A bill that would reinstate the Federal Communications Commission's net neutrality rules has won its first House GOP supporter - who is also one of the most vulnerable Republicans in this fall's midterms.

Rep. Mike Coffman (R-Colo.) announced on Tuesday that he would be signing a discharge petition to bring the Congressional Review Act (CRA) bill up for a floor vote. He also revealed his own bill to codify the principles of net neutrality into law.

"While my bill moves through the Congress, I am taking an 'all of the above' approach by simultaneously signing the discharge petition on the CRA, and introducing my bill," Coffman said in a statement.

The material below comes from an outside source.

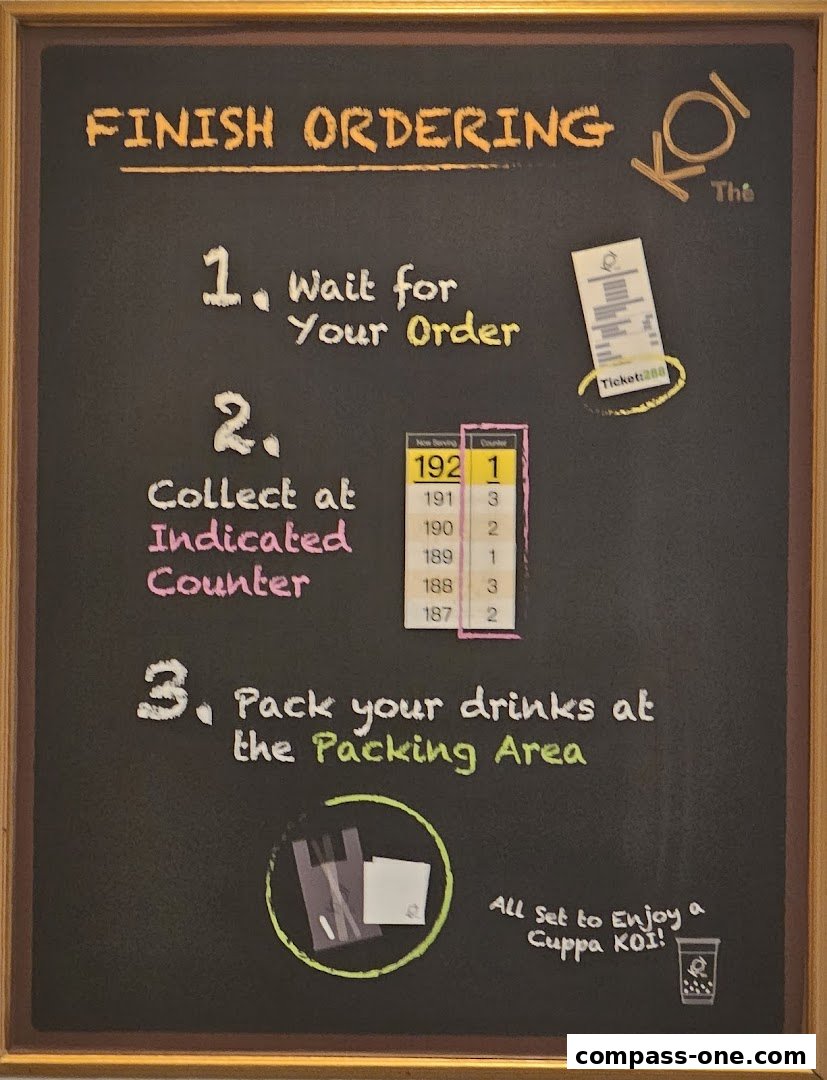 A chalkboard sign at KOI Thé detailing the steps to finish ordering and collect drinks.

Coffman faces a tough reelection race in a district won by Hillary Clinton in the 2016 presidential race. The Cook Political Report rates the race as a toss-up, and Democrats have made noise about seeking to bring out young voters over the issue of net neutrality. 

CRA bills allow Congress, with a simple majority in each chamber and the president's signature, to overturn recent agency actions. The net neutrality CRA bill passed the Senate with three Republican votes earlier this year.

Coffman's new bill, the 21st Century Internet Act, would restore prohibitions on internet service providers blocking, throttling or prioritizing web content, according to a fact sheet put out by his office.

That bill has little chance of advancing in a Republican-controlled Congress. And the CRA bill still needs about two dozen more GOP House members to back the discharge petition to bring it to the floor.